[DATA UNDER STUDY — start]

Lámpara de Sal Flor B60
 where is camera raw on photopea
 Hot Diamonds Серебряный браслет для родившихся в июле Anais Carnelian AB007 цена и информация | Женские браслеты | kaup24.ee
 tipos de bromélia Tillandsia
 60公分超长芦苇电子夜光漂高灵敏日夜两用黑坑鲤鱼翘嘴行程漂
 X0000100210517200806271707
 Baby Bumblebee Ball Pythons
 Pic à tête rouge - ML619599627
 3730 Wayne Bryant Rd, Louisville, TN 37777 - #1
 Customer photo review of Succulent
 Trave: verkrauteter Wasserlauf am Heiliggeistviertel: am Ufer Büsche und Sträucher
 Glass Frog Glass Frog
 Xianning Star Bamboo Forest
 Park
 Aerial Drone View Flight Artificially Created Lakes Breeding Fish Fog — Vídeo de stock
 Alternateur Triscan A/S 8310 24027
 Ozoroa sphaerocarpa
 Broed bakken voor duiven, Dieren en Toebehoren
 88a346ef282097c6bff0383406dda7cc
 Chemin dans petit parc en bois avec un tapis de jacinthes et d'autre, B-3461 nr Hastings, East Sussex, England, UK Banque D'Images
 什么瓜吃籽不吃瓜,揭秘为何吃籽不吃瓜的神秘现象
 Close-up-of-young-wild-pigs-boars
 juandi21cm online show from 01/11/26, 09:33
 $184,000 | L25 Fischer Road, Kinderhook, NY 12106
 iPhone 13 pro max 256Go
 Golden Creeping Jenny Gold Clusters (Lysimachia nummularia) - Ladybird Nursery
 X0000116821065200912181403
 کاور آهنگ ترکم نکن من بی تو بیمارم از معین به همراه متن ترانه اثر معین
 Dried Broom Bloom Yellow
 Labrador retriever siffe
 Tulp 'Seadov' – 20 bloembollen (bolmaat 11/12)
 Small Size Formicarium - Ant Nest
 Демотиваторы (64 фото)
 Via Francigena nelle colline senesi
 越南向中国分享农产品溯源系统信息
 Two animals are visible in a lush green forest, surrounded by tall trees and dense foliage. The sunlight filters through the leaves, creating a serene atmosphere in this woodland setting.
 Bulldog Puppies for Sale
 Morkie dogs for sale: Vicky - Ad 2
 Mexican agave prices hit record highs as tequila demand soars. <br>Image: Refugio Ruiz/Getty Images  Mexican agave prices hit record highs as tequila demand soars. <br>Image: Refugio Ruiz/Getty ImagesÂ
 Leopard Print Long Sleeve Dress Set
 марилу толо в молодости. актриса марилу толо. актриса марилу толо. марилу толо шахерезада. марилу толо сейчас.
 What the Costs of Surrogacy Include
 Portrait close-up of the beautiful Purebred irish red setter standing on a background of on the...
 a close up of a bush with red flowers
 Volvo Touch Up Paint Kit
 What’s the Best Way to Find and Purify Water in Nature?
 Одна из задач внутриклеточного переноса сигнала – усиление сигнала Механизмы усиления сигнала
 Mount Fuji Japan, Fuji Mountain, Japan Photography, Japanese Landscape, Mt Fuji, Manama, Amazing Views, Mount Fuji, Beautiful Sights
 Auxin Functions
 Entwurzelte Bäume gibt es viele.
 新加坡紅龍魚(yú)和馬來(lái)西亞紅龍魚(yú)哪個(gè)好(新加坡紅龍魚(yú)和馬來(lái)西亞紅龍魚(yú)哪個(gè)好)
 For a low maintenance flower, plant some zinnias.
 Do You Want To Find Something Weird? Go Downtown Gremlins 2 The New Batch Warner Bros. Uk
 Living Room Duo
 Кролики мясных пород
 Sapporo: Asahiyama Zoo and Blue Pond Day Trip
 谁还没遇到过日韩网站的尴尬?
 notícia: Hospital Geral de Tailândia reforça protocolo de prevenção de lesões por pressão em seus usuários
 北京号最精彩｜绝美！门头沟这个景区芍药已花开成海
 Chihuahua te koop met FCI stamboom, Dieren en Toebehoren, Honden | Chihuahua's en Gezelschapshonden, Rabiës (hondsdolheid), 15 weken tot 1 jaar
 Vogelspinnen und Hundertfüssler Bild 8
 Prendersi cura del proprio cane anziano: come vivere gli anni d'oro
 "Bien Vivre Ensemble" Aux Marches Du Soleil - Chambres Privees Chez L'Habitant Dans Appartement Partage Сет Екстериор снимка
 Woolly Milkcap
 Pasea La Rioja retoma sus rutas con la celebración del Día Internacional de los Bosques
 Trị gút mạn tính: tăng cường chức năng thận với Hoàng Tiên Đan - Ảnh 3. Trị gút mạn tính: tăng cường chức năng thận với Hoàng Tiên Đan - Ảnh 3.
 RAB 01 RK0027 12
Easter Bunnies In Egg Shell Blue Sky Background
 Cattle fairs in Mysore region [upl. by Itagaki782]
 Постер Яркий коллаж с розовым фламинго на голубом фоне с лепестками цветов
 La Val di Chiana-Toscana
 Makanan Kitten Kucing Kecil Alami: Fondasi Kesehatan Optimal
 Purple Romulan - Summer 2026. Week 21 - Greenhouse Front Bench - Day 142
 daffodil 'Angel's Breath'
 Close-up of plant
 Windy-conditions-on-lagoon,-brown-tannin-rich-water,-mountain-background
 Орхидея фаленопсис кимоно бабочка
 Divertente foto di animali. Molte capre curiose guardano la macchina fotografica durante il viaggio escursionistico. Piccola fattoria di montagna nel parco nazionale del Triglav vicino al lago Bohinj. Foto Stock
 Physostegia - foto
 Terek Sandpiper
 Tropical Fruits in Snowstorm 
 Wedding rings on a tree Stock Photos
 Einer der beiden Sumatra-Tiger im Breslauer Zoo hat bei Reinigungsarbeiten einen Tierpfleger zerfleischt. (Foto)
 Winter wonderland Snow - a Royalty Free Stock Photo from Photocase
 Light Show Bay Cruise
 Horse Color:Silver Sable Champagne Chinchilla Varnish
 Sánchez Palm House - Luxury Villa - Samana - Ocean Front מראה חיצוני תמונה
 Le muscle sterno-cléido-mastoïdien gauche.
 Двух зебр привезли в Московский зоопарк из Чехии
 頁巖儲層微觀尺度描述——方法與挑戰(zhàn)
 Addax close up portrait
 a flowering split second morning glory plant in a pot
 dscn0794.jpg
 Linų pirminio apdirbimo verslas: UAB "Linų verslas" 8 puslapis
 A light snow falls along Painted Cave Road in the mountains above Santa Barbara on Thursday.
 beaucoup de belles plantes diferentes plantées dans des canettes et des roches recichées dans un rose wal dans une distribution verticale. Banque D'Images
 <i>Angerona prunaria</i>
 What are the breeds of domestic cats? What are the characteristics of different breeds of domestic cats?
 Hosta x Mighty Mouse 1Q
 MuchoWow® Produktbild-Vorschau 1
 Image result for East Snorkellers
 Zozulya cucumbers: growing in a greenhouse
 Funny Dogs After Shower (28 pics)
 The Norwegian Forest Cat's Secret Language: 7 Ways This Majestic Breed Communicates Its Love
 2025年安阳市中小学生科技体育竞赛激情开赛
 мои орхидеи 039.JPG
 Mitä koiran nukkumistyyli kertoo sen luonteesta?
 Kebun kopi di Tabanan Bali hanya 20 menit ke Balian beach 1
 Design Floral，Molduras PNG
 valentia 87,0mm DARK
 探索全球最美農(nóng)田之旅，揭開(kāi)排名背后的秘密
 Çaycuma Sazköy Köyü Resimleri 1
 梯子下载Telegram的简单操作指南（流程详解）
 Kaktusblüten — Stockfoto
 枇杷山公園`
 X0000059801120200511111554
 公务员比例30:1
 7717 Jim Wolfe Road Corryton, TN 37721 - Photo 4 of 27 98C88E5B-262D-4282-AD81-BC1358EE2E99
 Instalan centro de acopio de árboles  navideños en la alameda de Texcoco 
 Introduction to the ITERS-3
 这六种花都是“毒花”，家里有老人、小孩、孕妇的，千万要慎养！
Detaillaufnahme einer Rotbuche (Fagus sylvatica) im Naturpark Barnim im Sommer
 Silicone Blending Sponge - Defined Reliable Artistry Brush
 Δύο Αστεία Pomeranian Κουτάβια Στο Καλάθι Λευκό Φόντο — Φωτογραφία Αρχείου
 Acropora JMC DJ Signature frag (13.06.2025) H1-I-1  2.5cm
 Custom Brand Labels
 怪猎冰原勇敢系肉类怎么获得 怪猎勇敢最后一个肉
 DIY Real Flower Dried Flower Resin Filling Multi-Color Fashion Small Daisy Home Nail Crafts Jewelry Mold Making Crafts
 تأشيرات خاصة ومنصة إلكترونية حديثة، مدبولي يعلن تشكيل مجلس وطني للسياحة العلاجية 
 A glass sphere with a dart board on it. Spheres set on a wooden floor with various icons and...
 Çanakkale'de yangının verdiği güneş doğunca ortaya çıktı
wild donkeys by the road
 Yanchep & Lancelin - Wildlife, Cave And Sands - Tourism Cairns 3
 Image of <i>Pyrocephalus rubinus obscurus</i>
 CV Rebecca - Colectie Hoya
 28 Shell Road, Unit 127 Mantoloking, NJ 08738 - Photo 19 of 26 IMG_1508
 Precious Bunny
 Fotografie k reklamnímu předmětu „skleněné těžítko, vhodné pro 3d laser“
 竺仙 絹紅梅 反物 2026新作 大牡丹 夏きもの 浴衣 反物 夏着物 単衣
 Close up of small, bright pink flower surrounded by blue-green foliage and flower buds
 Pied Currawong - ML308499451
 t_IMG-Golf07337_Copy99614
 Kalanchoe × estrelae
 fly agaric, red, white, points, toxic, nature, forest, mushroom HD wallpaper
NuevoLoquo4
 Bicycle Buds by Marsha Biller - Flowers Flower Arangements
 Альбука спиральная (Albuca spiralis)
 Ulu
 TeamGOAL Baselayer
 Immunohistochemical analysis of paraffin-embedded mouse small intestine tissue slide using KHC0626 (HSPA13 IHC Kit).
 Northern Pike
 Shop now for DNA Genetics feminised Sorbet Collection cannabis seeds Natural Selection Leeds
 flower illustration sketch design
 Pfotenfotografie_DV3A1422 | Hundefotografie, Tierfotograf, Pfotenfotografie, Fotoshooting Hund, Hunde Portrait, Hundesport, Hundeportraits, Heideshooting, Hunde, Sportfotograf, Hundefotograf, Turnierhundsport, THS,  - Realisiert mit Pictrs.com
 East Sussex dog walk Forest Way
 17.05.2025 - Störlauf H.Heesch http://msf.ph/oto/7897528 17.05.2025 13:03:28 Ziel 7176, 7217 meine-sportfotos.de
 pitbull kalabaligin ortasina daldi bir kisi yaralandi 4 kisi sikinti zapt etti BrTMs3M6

[DATA UNDER STUDY — finish]

» EXERCISE DESCRIPTION:
Each line containing the word "Cave" needs to be copied from the data above.

» THE ANSWER:
 A light snow falls along Painted Cave Road in the mountains above Santa Barbara on Thursday.
 Yanchep & Lancelin - Wildlife, Cave And Sands - Tourism Cairns 3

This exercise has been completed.